• Exercise objective: Once you find the line with "This is the" in the data that follows, repeat it and every line after it exactly, through the line with "Now just mix".

• Entries shown:
BEGIN
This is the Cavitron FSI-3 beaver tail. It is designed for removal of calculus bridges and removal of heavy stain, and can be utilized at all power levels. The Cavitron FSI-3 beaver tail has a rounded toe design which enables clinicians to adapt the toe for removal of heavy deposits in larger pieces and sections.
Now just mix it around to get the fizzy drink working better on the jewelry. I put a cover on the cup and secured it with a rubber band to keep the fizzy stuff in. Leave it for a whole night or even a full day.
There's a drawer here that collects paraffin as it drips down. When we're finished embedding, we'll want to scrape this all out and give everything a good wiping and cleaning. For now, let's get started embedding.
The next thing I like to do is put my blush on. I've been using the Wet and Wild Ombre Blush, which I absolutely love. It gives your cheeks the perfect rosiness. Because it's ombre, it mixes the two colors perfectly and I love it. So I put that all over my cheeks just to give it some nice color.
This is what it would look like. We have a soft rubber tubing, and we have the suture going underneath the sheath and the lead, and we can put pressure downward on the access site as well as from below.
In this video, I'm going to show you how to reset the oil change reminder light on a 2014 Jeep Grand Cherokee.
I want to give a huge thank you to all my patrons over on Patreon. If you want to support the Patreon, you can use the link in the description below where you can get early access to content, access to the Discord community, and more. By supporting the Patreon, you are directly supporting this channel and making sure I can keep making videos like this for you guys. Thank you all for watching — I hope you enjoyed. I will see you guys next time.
END
BEGIN
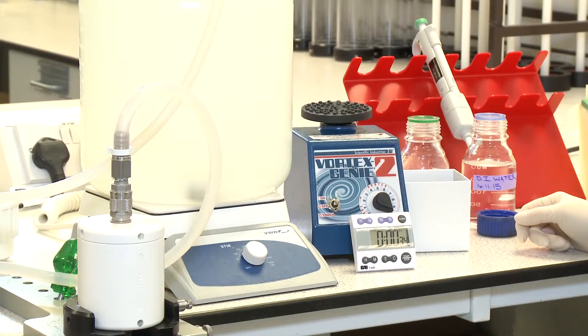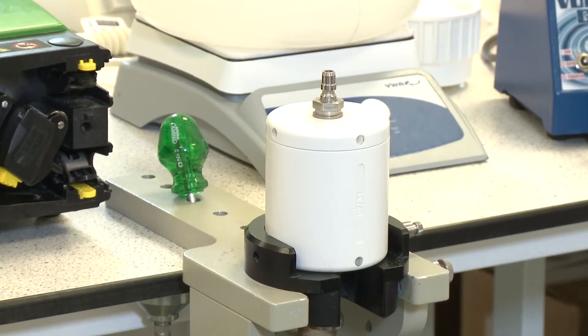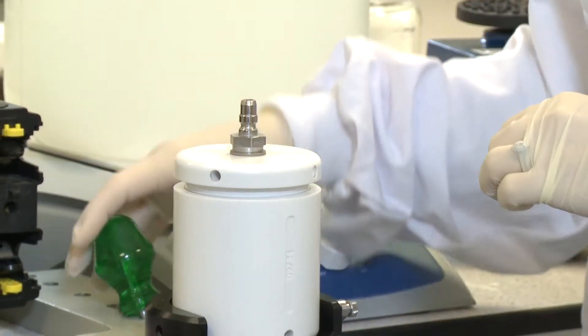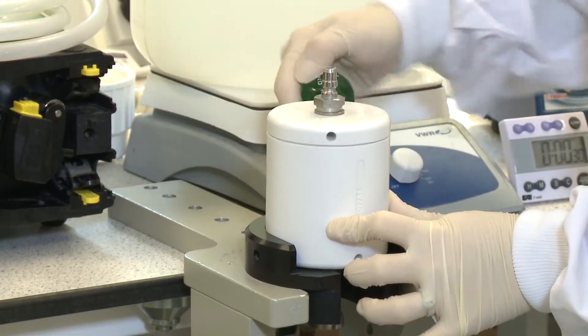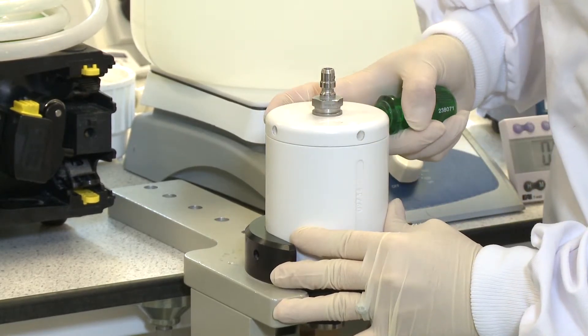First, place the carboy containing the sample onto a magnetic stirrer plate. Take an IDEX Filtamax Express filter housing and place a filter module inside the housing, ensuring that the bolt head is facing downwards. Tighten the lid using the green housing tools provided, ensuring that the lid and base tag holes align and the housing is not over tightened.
END
• Task result:
This is the Cavitron FSI-3 beaver tail. It is designed for removal of calculus bridges and removal of heavy stain, and can be utilized at all power levels. The Cavitron FSI-3 beaver tail has a rounded toe design which enables clinicians to adapt the toe for removal of heavy deposits in larger pieces and sections.
Now just mix it around to get the fizzy drink working better on the jewelry. I put a cover on the cup and secured it with a rubber band to keep the fizzy stuff in. Leave it for a whole night or even a full day.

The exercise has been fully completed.